Partnering for Impact is not new; indeed it has already succeeded. For example, a number of companies sell products based on concepts and technologies developed under the Cyberlearning umbrella. Some, like Carnegie Learning and Alelo, were startup companies launched by the researchers themselves. Other researchers ushered their technology into the marketplace by licensing technology or by consulting for established publishers and technology firms about new product or product feature ideas. And, of course, there are likely many ed tech products that have incorporated the ideas that learning scientists shared openly in their publications and conference presentations.

Terms like commercialization, productization, and tech transfer are often used to describe the process of moving ideas and technology out of the lab and into the marketplace. The education marketplace, however, is special for a number of reasons: state and federal regulations; balkanization (procurement at the state, district, and school level); lagging technology infrastructure in the schools; teachers without the needed time or training; and perennially tight budgets. And the marketplace is now changing rapidly. For example, one major textbook publisher has increased its software development staff from 5 to 500 people in the last year and converted all of its 1500 titles into digital offerings of some type. Thus, approaches to bring consumer, healthcare, or military innovations to market do not always smoothly apply in education.

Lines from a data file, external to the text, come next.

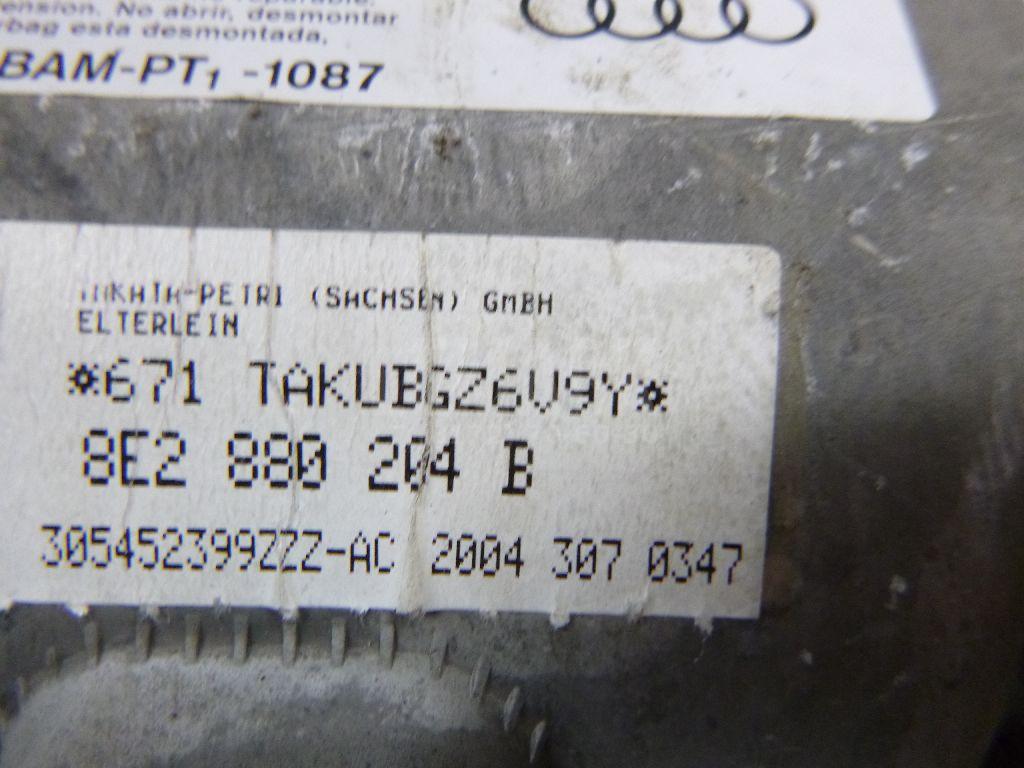 Подушка безопасности пассажирская (в торпедо) для  Audi TT(8J) 2006-2015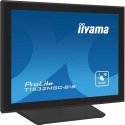 Iiyama ProLite T1532MSC-B1S monitor komputerowy 38,1 cm (15") 1024 x 768 px XGA LCD Ekran dotykowy Czarny Iiyama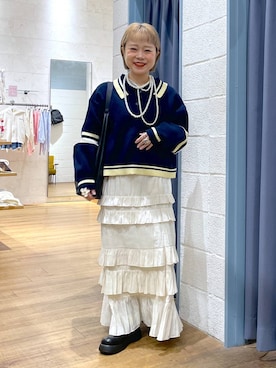 omizo555さん（レディース・153cm）の冬コーディネート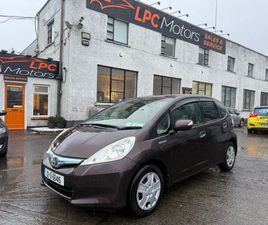 HONDA FIT HONDA FIT 2012 HYBRID AUTO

Because of the special expertise and capabilities involved in bringing educational products to market, arranging to work with people who already have the needed expertise — entrepreneurs, investors, educational publishers, marketing consultants, educators — will expedite the transition from research to broad adoption: partnering for impact.

Cyberlearning researchers can envision the possibilities afforded by learning science. Ed tech companies work with educators every day, and have insights into the critical needs and major opportunities in education. Partnering can lead to scalable learning solutions that address these critical needs, and which are infused with insights into how people learn.
– W. Lewis Johnson, Ph.D., Co-Founder and CEO, Alelo

Learning scientists’ and Cyberlearning researchers’ technical inventions and findings about how technology is best used in the classroom are extremely relevant to the current ed tech boom — the multi-year surge of investment in new products from startups and established companies that target education at all levels. There are now hundreds of startups, incubators, accelerators, and hackathons focused on the education market.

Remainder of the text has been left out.